Querido Camus: supongo que puedo llamarle así. Borges se refirió una vez a esos amigos que nos proporciona la lectura y usted es uno de los míos. No tanto como para tomarme familiaridades y tutearle, o llamarle Albert o Bébert o algún otro apelativo cariñoso que exigiría mayor intimidad (creo, por ejemplo, que algunos en la editorial Gallimard se referían a usted como «l’hidalgo») pero suficiente para un «querido Camus». Además usted lleva ya medio siglo muerto y eso me concede ciertas ventajas menores. Nada comparable a la más grande de todas, que usted ya tiene para siempre: aunque como cualquiera temió envejecer, no llegó a conocer nunca la vejez.
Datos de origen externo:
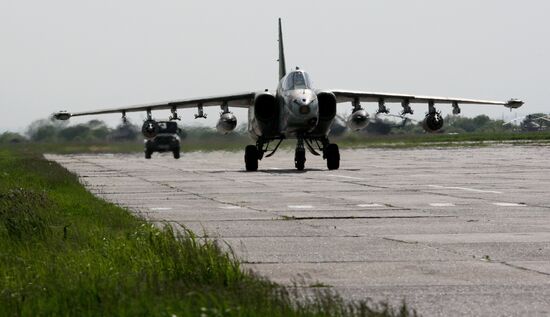 Training flights of army assault aviation in Primorye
Empiezo por asegurarle que le he leído bastante, mucho quizás, a menudo con admiración y cierto deleite, no pocas veces con impaciencia pero siempre con simpatía. Por decírselo de una vez: aprecio su obra, pero le aprecio más a usted. Es una paradoja a la que ya debe de estar acostumbrado. Como escritor no es difícil hallarle obvios defectos entre muchos méritos: a veces suena un poco artificioso su tono lapidario y hay algo a la vez de ingenuo y de hueco en sus concesiones a la declamación moral. Pero sin embargo usted mismo, como figura intelectual y como persona, rebosa encanto hasta para quienes no le conocemos más que por biografía y fotografía. Y nadie ha definido en qué consiste el encanto personal mejor que usted: «Es una manera de oír que nos responden sí antes de haber planteado claramente ninguna pregunta». A usted le dieron frecuentemente ese ‘sí’ que a todo se adelanta y se rinde de antemano, desde su maestro Louis Jourdain en la escuela hasta el jurado del Nobel y muchísimos lectores, por no hablar de tantas mujeres. El físico ayuda, vaya que sí: casi uno ochenta de estatura, ojos verdes y esa cara «a medio camino entre Humphrey Bogart y Fernandel», como dijo usted mismo con gracia.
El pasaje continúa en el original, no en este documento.